> [PROBLEM DESCRIPTION] Write out again, unchanged, the line that has "EEE-HA1V101P QRCode" and each following line through the end of the entries below; leave pictures out.

[SUPPLIED DATA Boundary: Start]

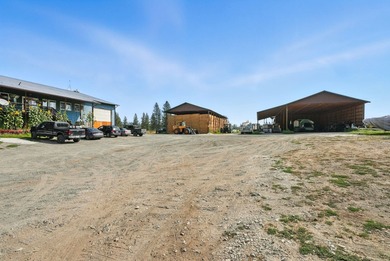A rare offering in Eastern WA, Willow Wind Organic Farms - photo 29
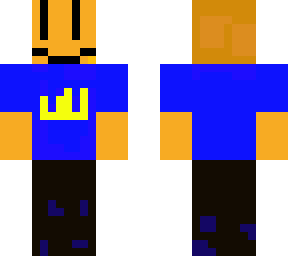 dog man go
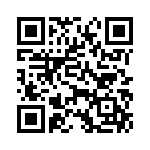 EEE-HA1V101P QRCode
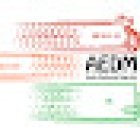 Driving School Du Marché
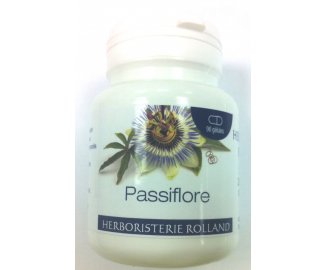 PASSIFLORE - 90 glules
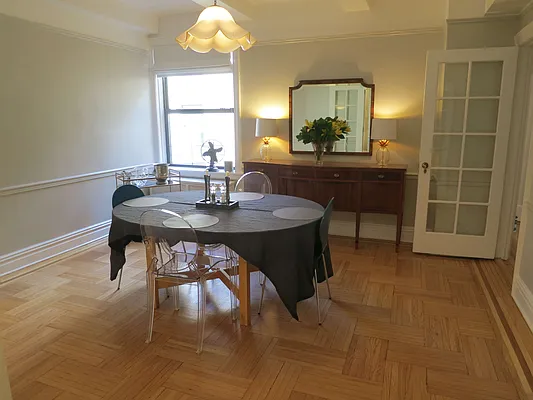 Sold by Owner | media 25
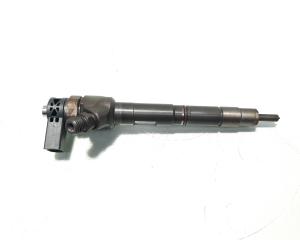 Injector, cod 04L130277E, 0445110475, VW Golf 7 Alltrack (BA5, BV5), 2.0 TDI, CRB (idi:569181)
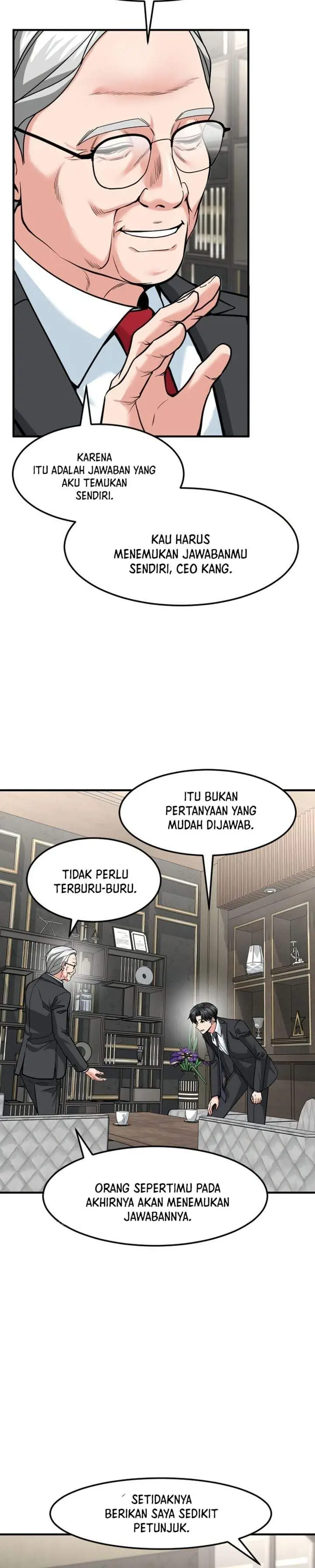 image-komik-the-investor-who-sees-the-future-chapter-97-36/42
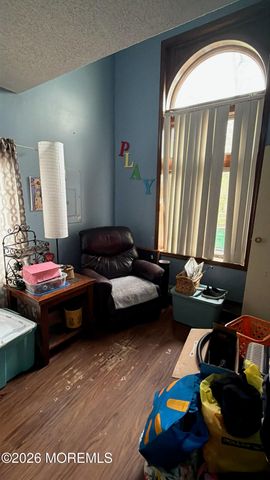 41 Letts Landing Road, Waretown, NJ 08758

[SUPPLIED DATA Boundary: End]

> [ANSWER TO THE PROBLEM]
 EEE-HA1V101P QRCode
 Driving School Du Marché
 PASSIFLORE - 90 glules
 Sold by Owner | media 25
 Injector, cod 04L130277E, 0445110475, VW Golf 7 Alltrack (BA5, BV5), 2.0 TDI, CRB (idi:569181)
 image-komik-the-investor-who-sees-the-future-chapter-97-36/42
 41 Letts Landing Road, Waretown, NJ 08758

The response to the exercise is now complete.